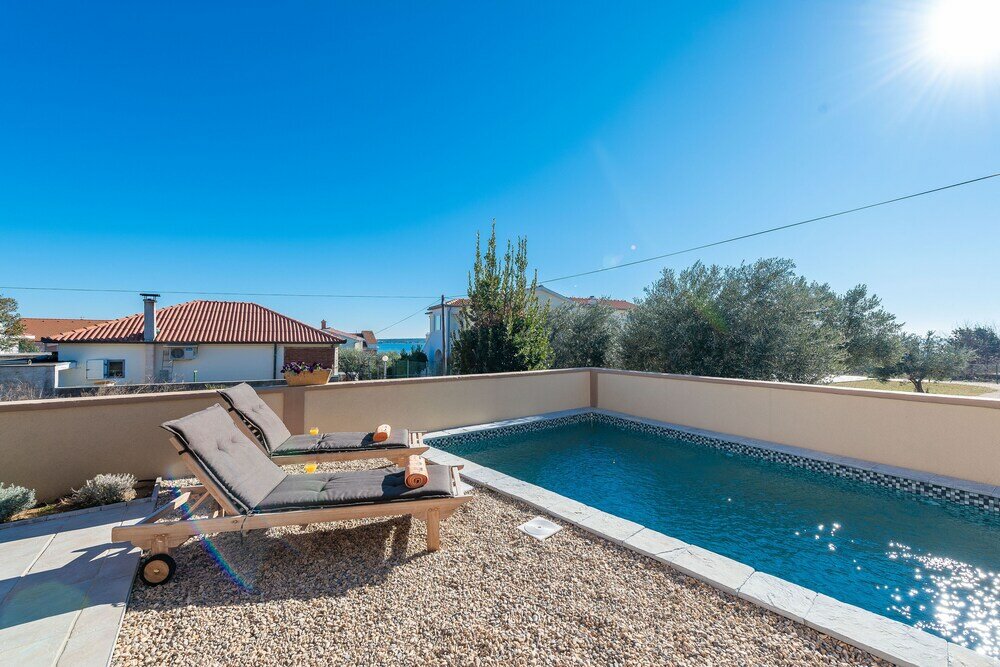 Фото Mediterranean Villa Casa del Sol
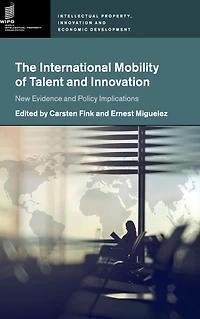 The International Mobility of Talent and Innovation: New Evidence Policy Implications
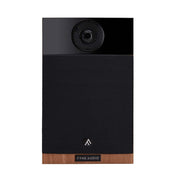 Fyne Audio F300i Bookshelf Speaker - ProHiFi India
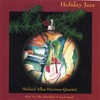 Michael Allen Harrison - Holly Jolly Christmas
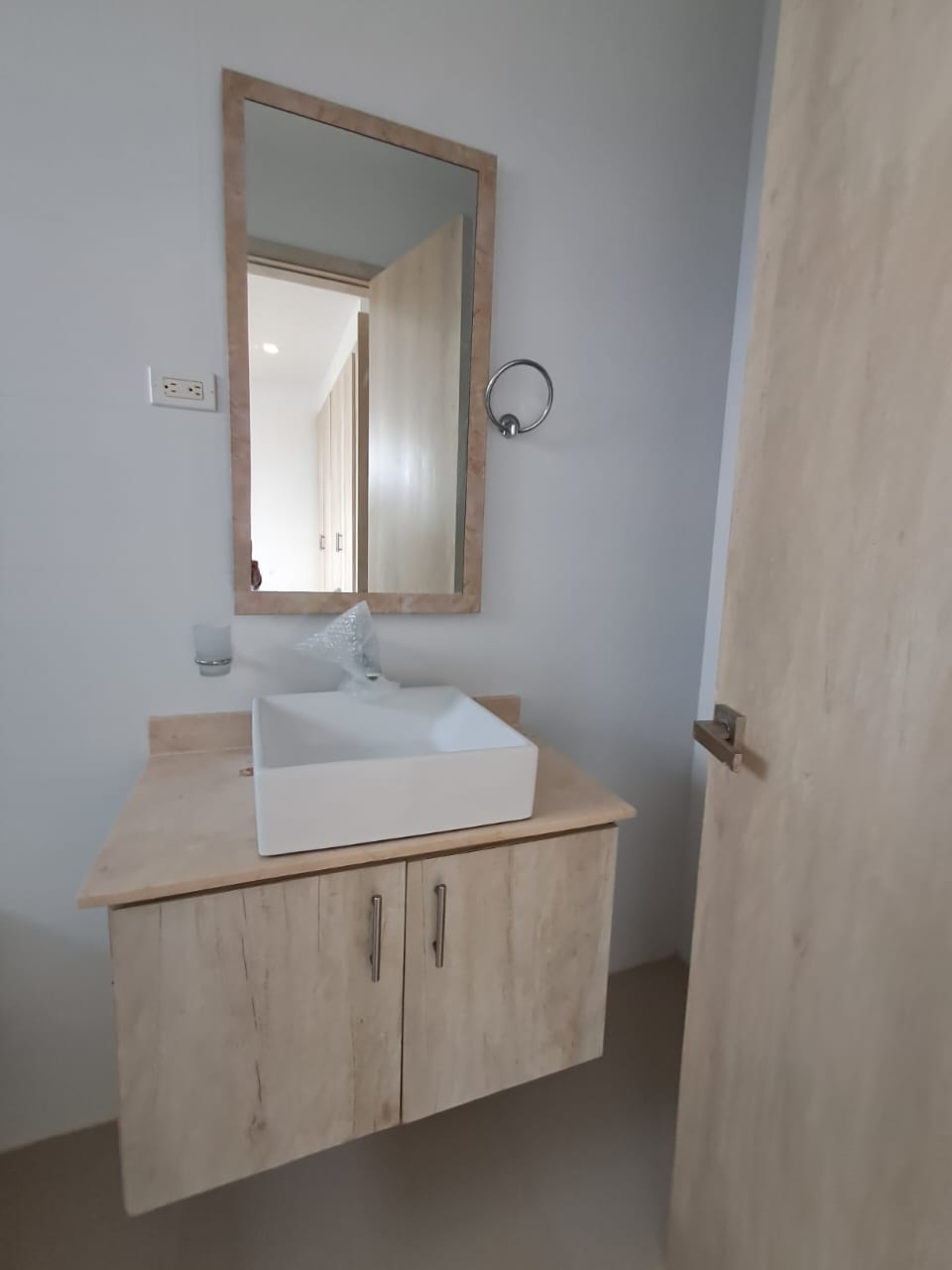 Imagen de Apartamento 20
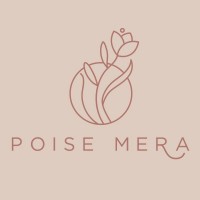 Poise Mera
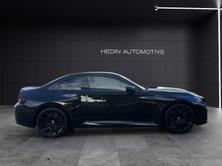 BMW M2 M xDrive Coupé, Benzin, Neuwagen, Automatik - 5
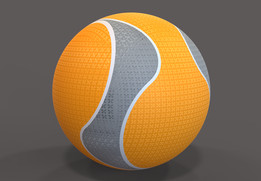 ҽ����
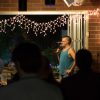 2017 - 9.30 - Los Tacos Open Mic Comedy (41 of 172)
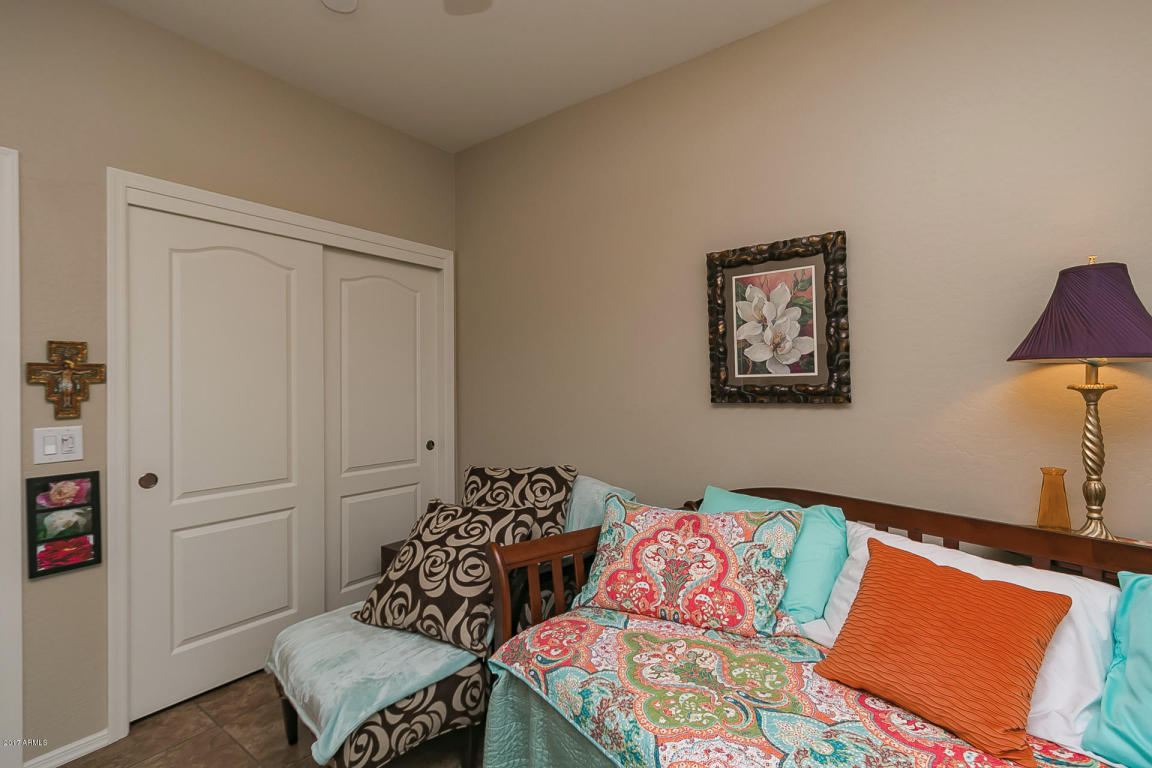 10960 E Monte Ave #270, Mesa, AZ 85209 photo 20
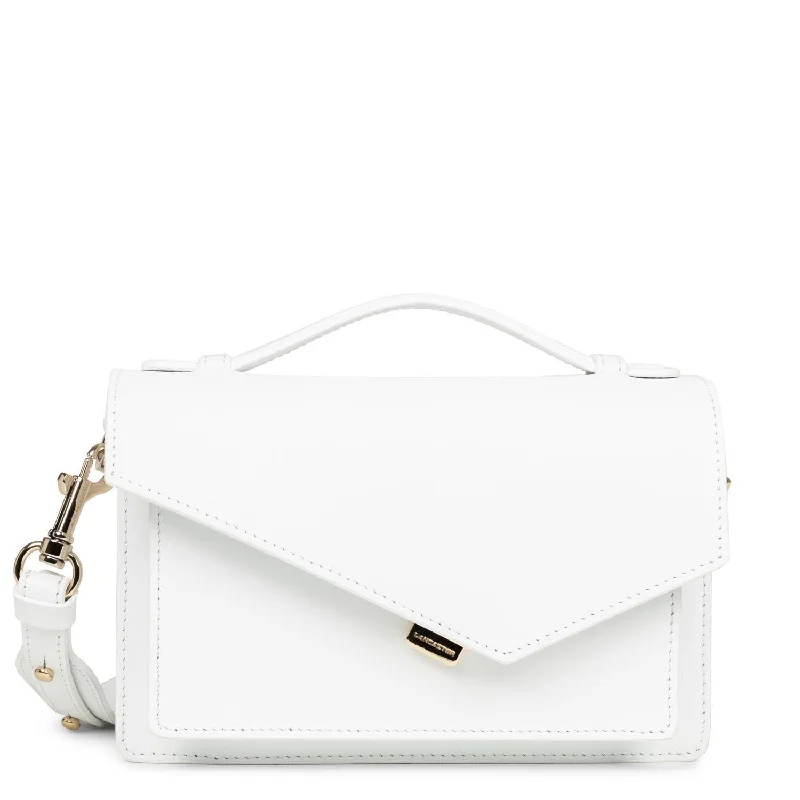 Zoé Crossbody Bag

==

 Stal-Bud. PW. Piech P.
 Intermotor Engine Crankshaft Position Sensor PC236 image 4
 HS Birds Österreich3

## WHAT THE EXERCISE ASKS
Retype the lines above exactly as they appear, from the line containing "2017 - 9.30" through the line containing "Zoé Crossbody Bag", and leave out any pictures.

## RESULT BELOW
 2017 - 9.30 - Los Tacos Open Mic Comedy (41 of 172)
 10960 E Monte Ave #270, Mesa, AZ 85209 photo 20
 Zoé Crossbody Bag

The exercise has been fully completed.